Under current Department of Agriculture rules, meat and poultry products that were derived from animals that may have been born, raised, and slaughtered in another country but are processed in the U.S. may be labeled as “product of USA.” However, after determining that this policy “may be causing confusion in the marketplace, particularly with respect to certain imported meat products,” USDA announced in July 2021 plans to initiate a rulemaking to limit “product of USA” and certain other voluntary U.S. origin statements to meat products derived from livestock slaughtered and processed in the U.S.
To inform that rulemaking USDA said it would conduct a top-to-bottom review of the labeling rules, taking into account all ideas suggested by all stakeholders, including U.S. trading partners.

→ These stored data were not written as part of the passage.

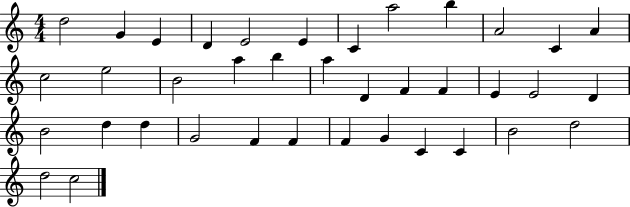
X:1
T:Untitled
M:4/4
L:1/4
K:C
d2 G E D E2 E C a2 b A2 C A c2 e2 B2 a b a D F F E E2 D B2 d d G2 F F F G C C B2 d2 d2 c2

A previous origin labeling requirement for meat products was struck down by the World Trade Organization years ago and various efforts have been made since then to devise a policy compliant with WTO rules.

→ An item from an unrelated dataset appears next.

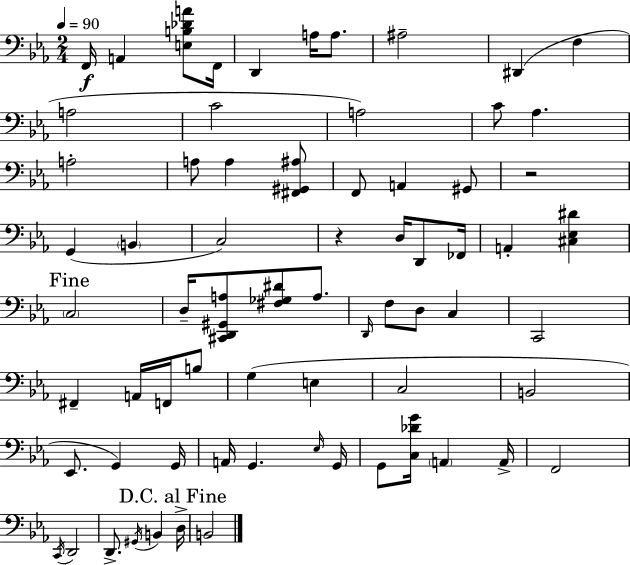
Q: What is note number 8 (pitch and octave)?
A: D#2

On Jan. 3, as part of a new action plan for a “fairer, more competitive, and more resilient meat and poultry supply chain,” the White House noted that USDA’s review is continuing and that the department still plans to issue new labeling rules, though no time frame was specified.
In the meantime, Sen. Roger Marshall (R-Kan.) introduced Jan. 4 the Bona Fide Beef Branding Act (S. 3439), which would direct the USDA to eliminate the current “product of USA” meat label and replace it with three new voluntary labels to address consumer confusion. In a September 2021 letter to Agriculture Secretary Tom Vilsack, Marshall said these labels could include “processed in the USA,” “raised and processed in the USA,” and “born, raised, and processed in the USA.”

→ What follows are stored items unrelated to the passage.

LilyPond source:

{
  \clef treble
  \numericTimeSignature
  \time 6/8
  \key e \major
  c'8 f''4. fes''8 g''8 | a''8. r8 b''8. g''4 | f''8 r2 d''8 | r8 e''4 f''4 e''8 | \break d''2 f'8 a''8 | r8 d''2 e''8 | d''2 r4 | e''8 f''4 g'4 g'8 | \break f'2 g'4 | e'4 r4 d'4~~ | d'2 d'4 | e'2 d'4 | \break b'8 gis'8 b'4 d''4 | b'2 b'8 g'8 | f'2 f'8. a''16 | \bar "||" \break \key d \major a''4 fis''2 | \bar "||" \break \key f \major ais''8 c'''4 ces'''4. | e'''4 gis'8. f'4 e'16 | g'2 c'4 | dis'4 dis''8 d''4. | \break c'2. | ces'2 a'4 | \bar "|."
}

Other similar bills have been introduced in recent months, including the American Beef Labeling Act (S. 2716, introduced Sept. 13 by Sen. Thune, R-S.D.), which would require the Office of the U.S. Trade Representative to develop and implement within one year a WTO-compliant means of reinstating mandatory country of origin labeling for beef, and the USA Beef Act (S. 2623, introduced Aug. 5 by Sen. Rounds, R-S.D., and H.R. 4973, introduced Aug. 6 by Rep. Rosedale, R-Mont.), which would limit the use of the “product of USA” label on beef products to those produced from cows born, raised, and slaughtered in the U.S.